Jakarta (ANTARA) - Menteri Lingkungan Hidup dan Kehutanan (LHK) Siti Nurbaya Bakar mengatakan tidak benar Analisis mengenai Dampak Lingkungan akan dihapus dengan Rancangan Undang-Undang (RUU) Omnibus Law inisiatif pemerintah.

Ia menjelaskan aspek lingkungan hijau tetap akan dibahas secara seksama dengan penetapan standar lingkungan, yang menurutnya bagian dari penerapan Analisis Mengenai Dampak Lingkungan (amdal).
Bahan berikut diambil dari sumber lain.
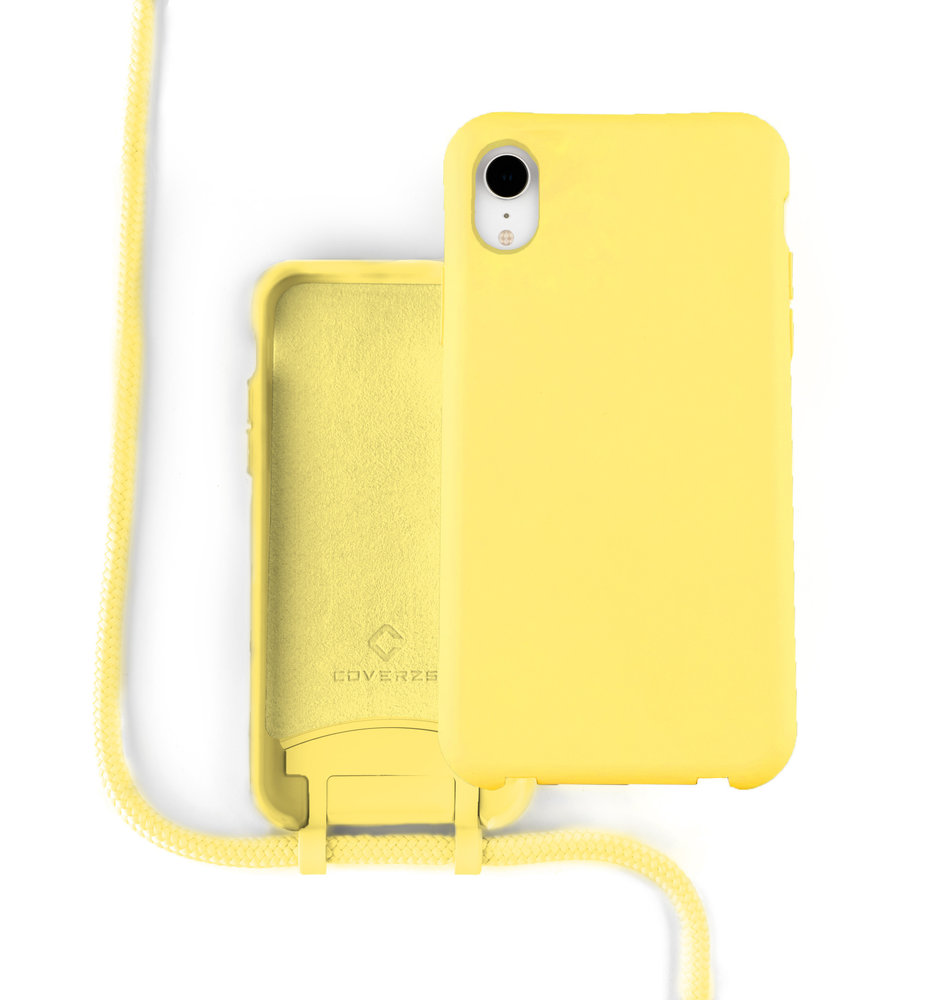 Coverzs Coverzs Silikonhülle mit Band iPhone Xr (Gelb) Coverzs Coverzs Silikonhülle mit Band iPhone Xr (Gelb)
"Jadi tidak benar kalau amdalnya mau dihapus (dengan Omnibus Law)," ujar Siti Nurbaya saat ditemui sedang mendampingi Menteri Koordinator bidang Perekonomian Airlangga Hartarto menyerahkan Surat Presiden terkait RUU Omnibus Law Ciptaker di Kompleks Parlemen RI, Senayan, Jakarta, Rabu.

Menteri yang pernah menjabat Sekretaris Jenderal Kementerian Dalam Negeri itu menambahkan bahwa standar lingkungan akan diatur pemerintah agar pemerintah mempunyai daya paksa (enforce) untuk mempersoalkan dampak lingkungan yang rusak oleh proyek industri.

Siti mengatakan jika ada proyek industri skala sedang atau menengah pun akan tetap menggunakan standar yang sedang disusun untuk ditetapkan juga melalui peraturan pemerintah.

Mengenai RUU Omnibus Law Cipta Kerja (Ciptaker), Siti mengatakan Kementerian LHK turut dilibatkan dalam aspek lingkungan hijau tadi dan juga aspek pengadaan lahan.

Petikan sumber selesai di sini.